This is a stock photo of a an attractive woman who is very impressed with her date.
Kate Winslet is on a press tour for Avatar: The Way of Water. She was doing an interview with a journalist and the reporter was nervous and mentioned offhand that it was her first time. Winslet took the opportunity to give her confidence:
“This is your first time doing it?” Winslet asked. “Ok, well guess what? When we do this interview, it’s going to be the most amazing interview ever. And do you know why? Because we’ve decided that it’s going to be. So, we’ve decided right now, me and you, that this is going to be a really fantastic interview.”
This has been written about by 15,000 news organizations. Kate Winslet has a great instinct for getting good press.
It’s not hard to see why this would be a good PR move.
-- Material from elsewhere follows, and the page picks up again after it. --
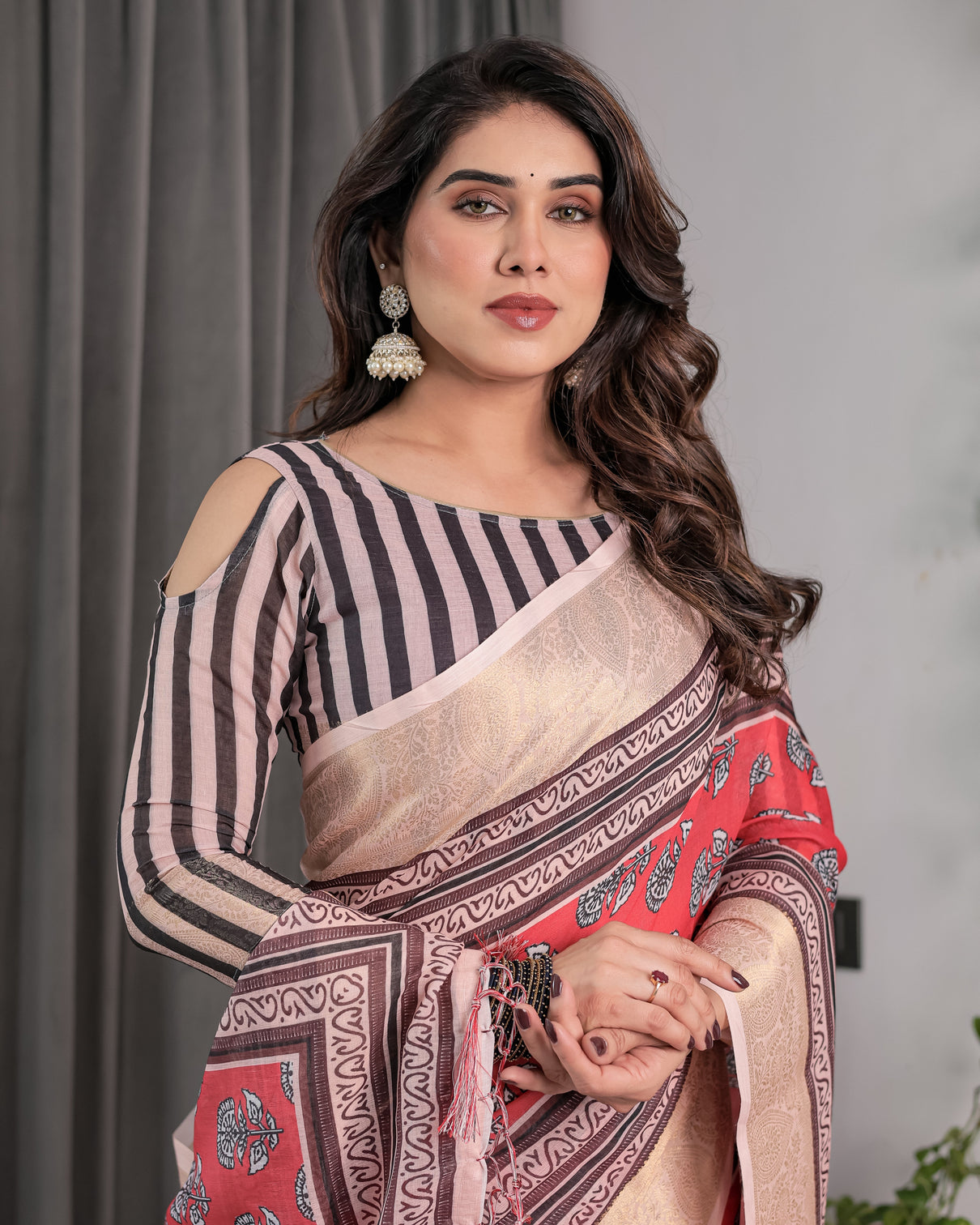Rust red handloom cotton linen saree with black floral buti print zari border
A young female journalist is nervously interviewing a movie star. The movie star is sympathetic and human and gives her support. Bloggers will blog about this because they would like to have had this interaction. Readers love this story because they love stories about celebrities being nice and relatable.
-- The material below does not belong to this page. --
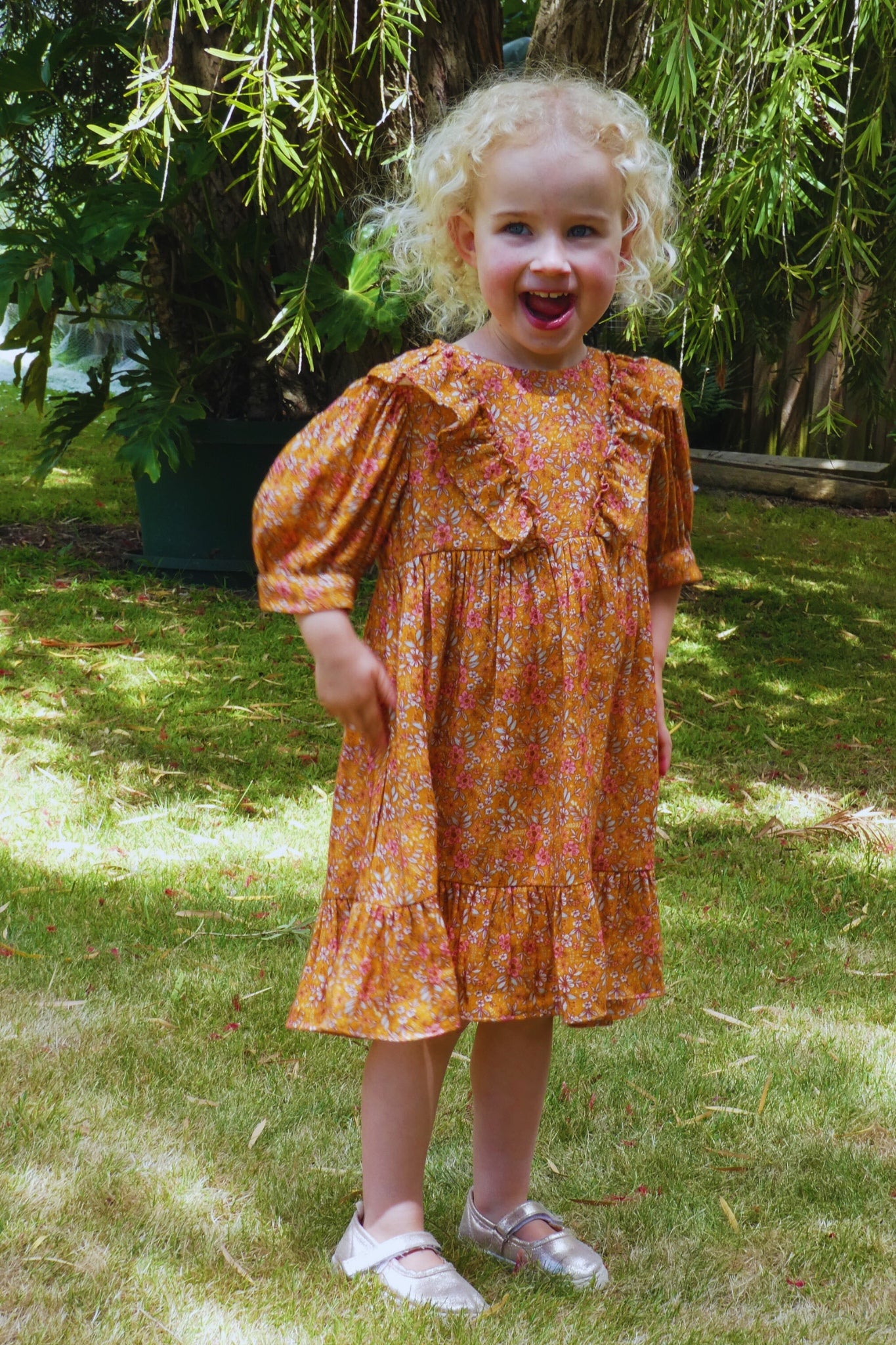 Child in Autumn Time mini me orange dress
You can’t create a moment like that. The reporter gave her this opening. You can’t necessarily teach the skill to recognize that moment and pounce. That’s a raw talent thing. But there is a lesson you can take from it that applies to not only media but everything in life.
So, how does one get good press? Well, there are lots of ways, but I want to talk about a basic foundational reality that applies to something like 90% of the cases.
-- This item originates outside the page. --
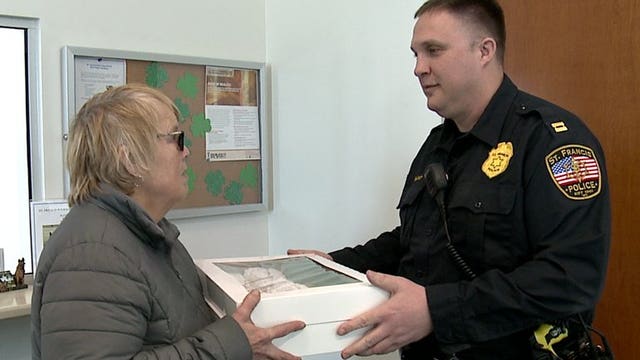 Jen Clark with Jen's Sweet Treats delivers Paczki to police officers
There are classes/seminars/consultants whose entire jobs are centered around “media training”.
Media training is something that corporate executives take and anyone in the spotlight will be told to take, but also, reports take them as well, because they go on television and act as pundits.
A lot of the things that happen in “media training” are functional and boring. It’s about the right colors to wear on TV to make you look thin and honest. It’s about looking at the interviewer and not the camera. Maybe they’ll talk to you about not saying “like” too much. Maybe you’ll leave with a recommendation to ask your doctor about beta blockers to keep your hands from shaking.
All of this matters to some degree but what is far more important, far far far more important, is the understanding that the people in the media producing the coverage you’re trying to manipulate are people too.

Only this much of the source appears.